● EXERCISE REQUIREMENTS: With the pictures left out, retype exactly the lines below starting at the line that contains "Cast members Randy" and ending at the line that contains "Mit Bananen, Honig".

● ENTRIES SUPPLIED:

──────────────────────────────

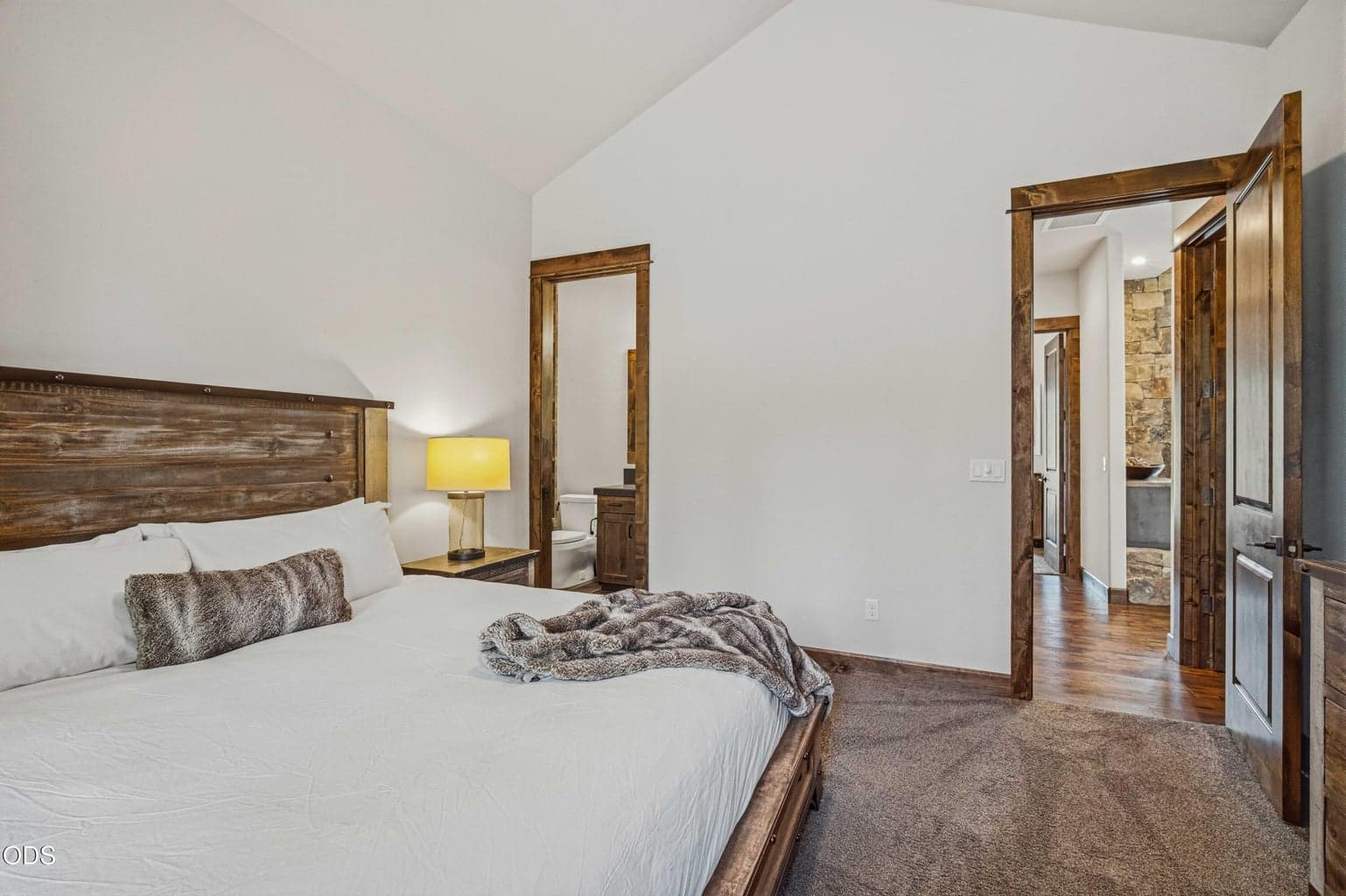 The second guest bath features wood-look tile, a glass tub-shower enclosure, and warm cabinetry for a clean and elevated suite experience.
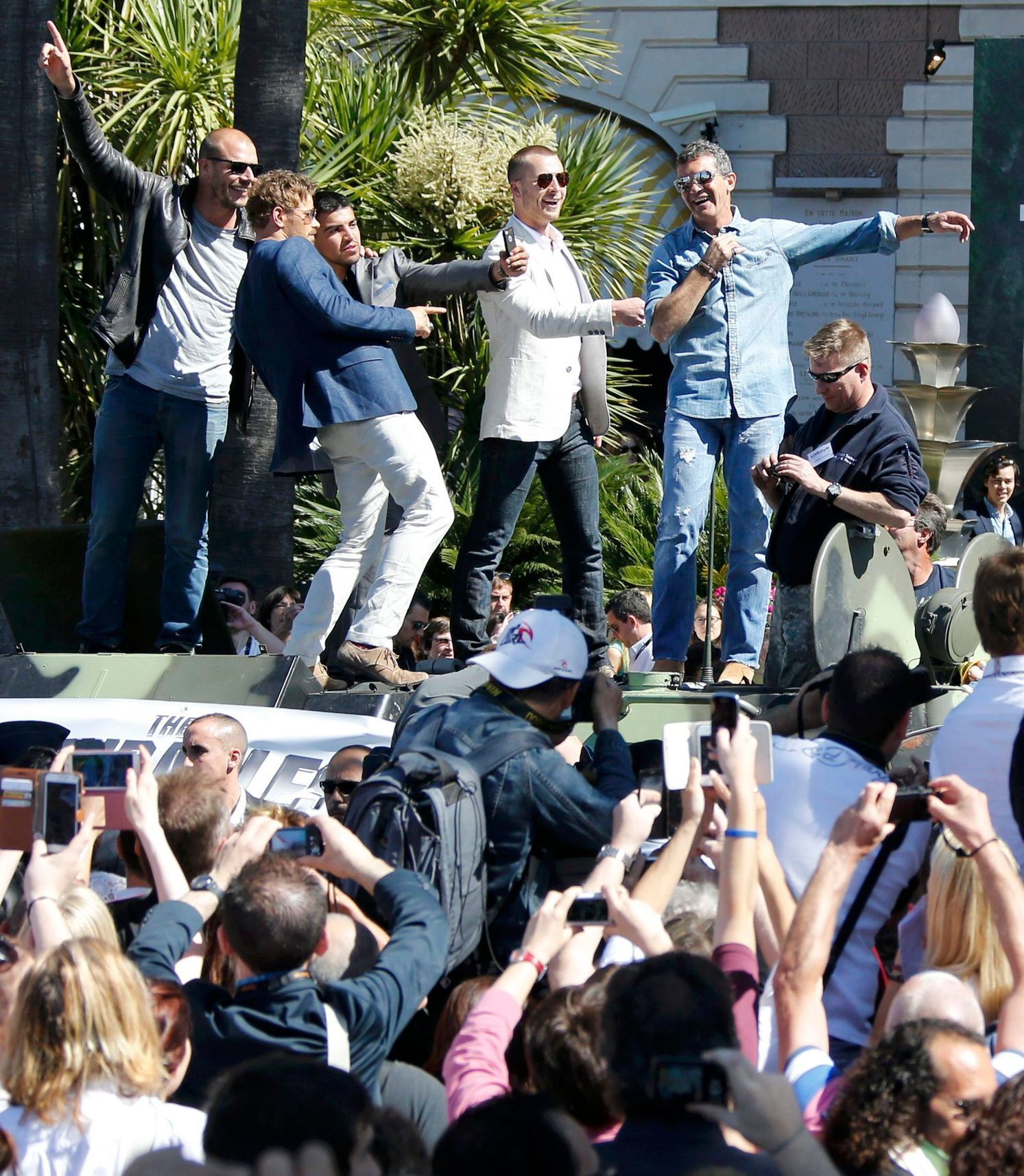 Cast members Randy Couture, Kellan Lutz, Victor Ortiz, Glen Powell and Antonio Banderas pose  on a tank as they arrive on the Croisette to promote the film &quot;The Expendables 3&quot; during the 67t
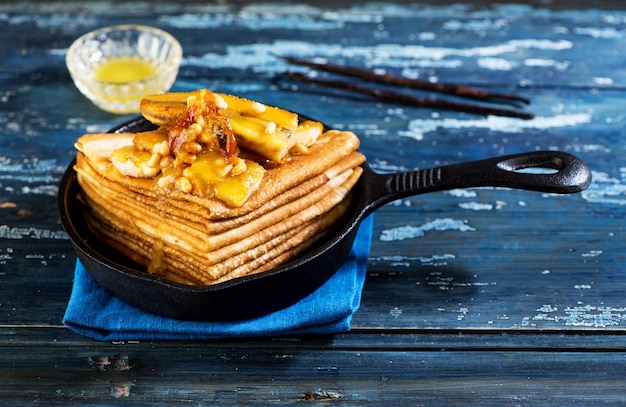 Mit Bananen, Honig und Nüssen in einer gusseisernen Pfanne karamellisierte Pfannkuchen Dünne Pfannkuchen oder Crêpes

──────────────────────────────

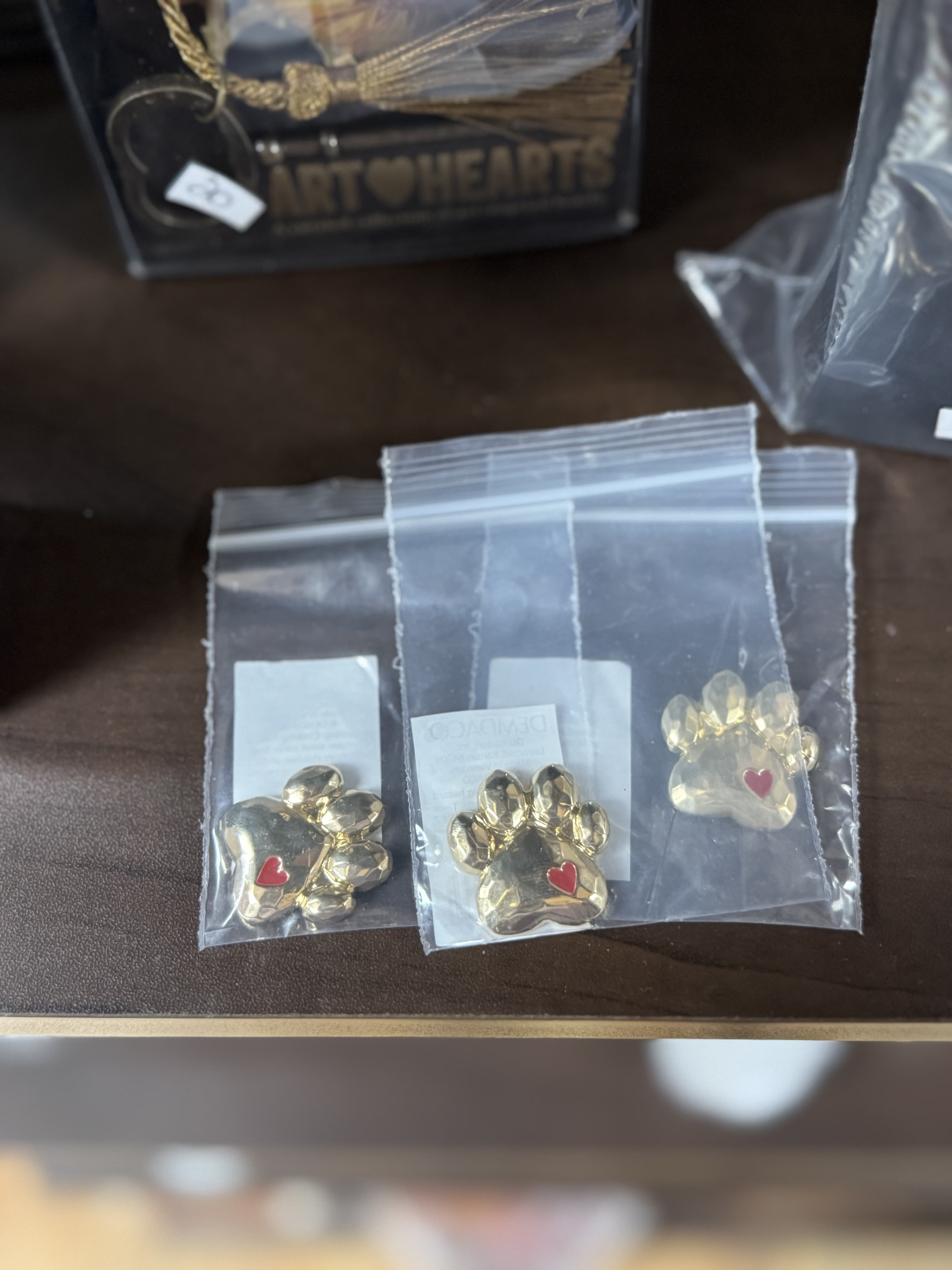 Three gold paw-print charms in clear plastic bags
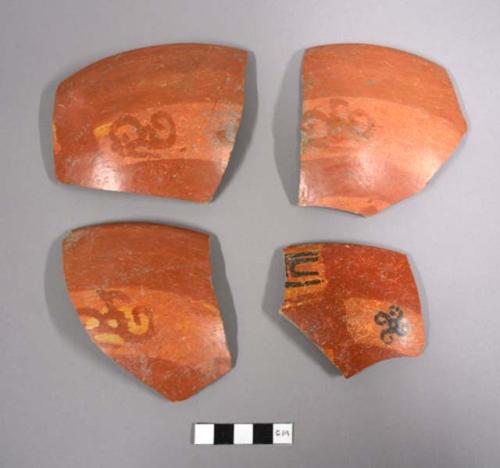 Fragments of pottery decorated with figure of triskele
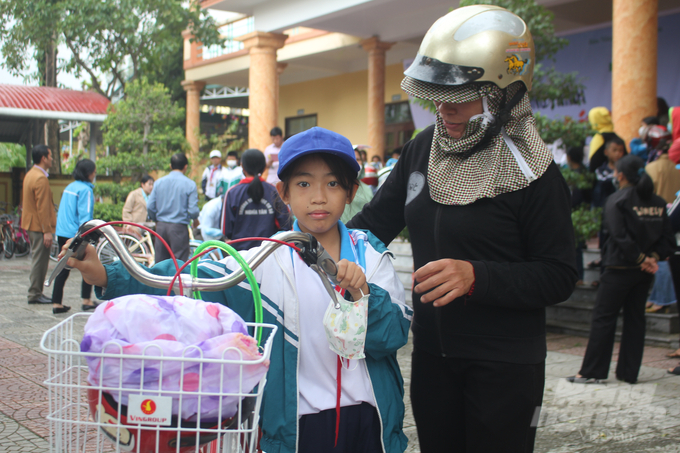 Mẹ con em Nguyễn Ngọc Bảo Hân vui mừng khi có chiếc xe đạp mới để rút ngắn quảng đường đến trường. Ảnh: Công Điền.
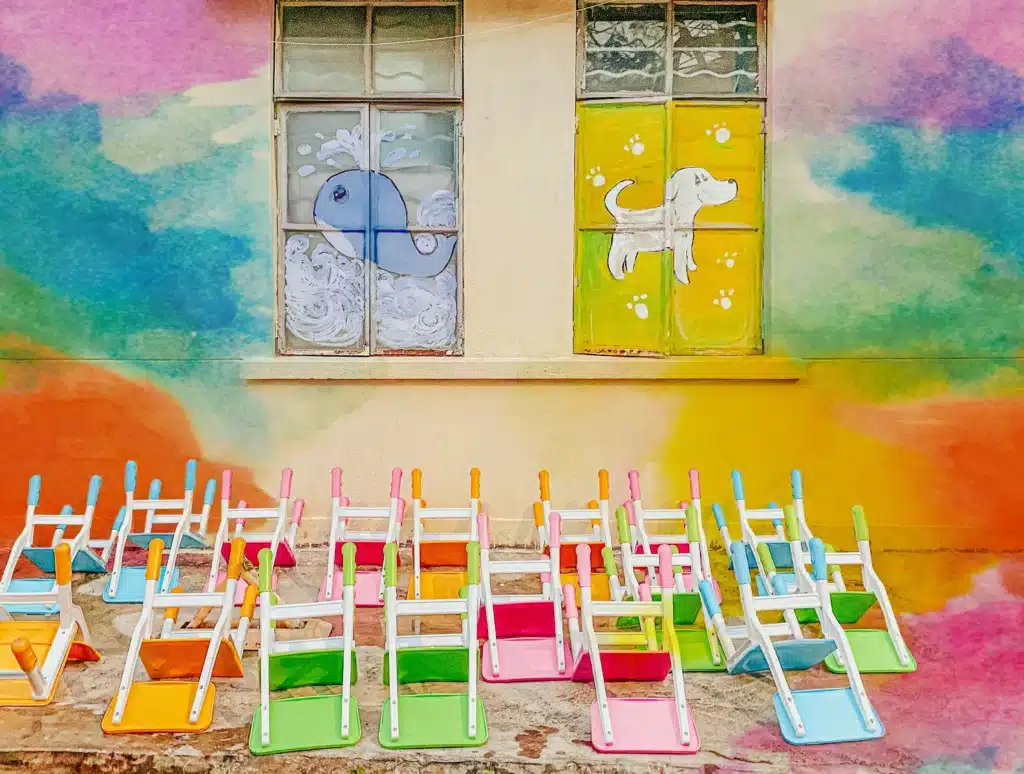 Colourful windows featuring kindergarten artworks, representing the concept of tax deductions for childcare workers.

──────────────────────────────

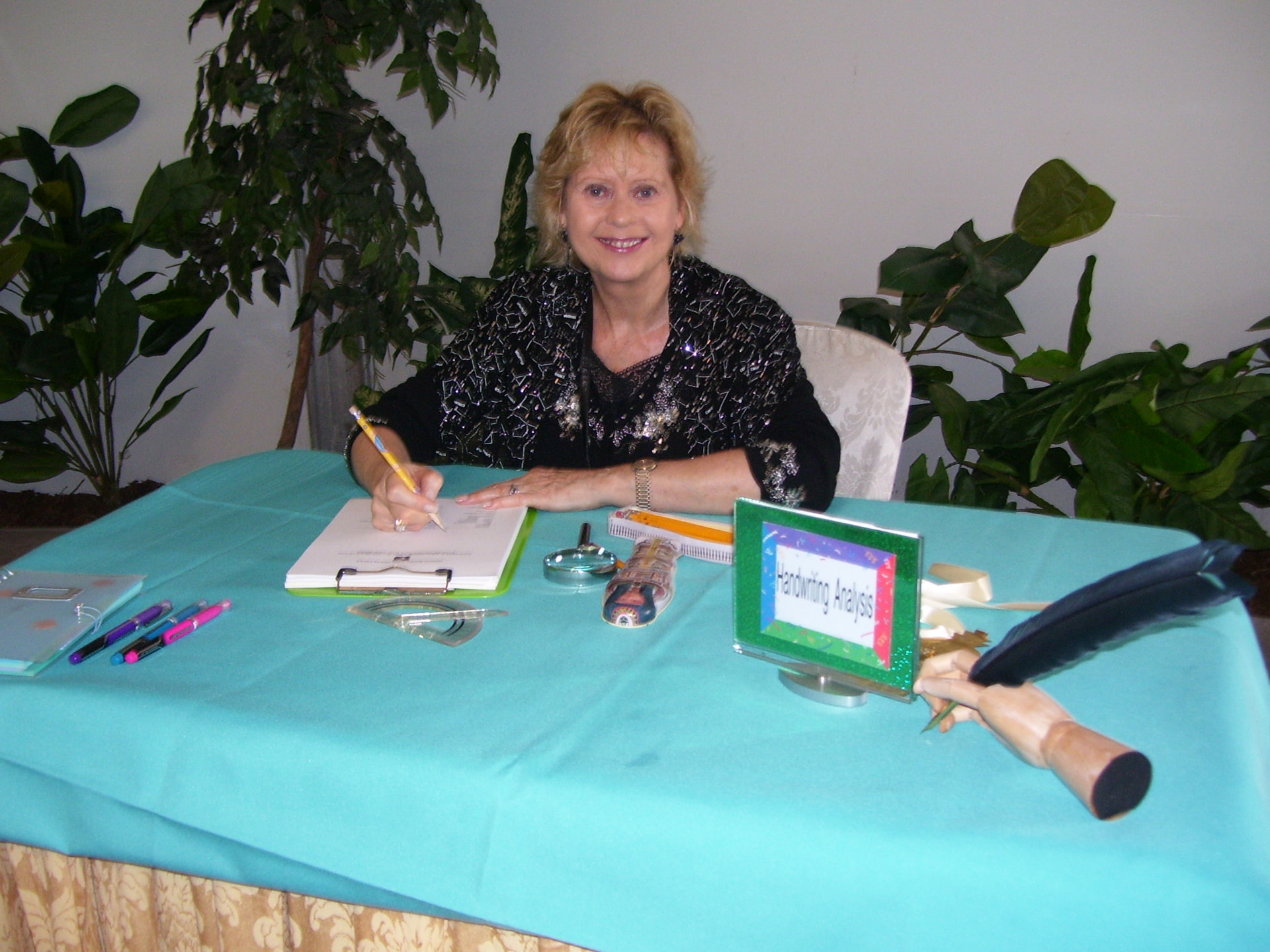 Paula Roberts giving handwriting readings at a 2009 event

──────────────────────────────

● EXPECTED ANSWER:
 Cast members Randy Couture, Kellan Lutz, Victor Ortiz, Glen Powell and Antonio Banderas pose  on a tank as they arrive on the Croisette to promote the film &quot;The Expendables 3&quot; during the 67t
 Mit Bananen, Honig und Nüssen in einer gusseisernen Pfanne karamellisierte Pfannkuchen Dünne Pfannkuchen oder Crêpes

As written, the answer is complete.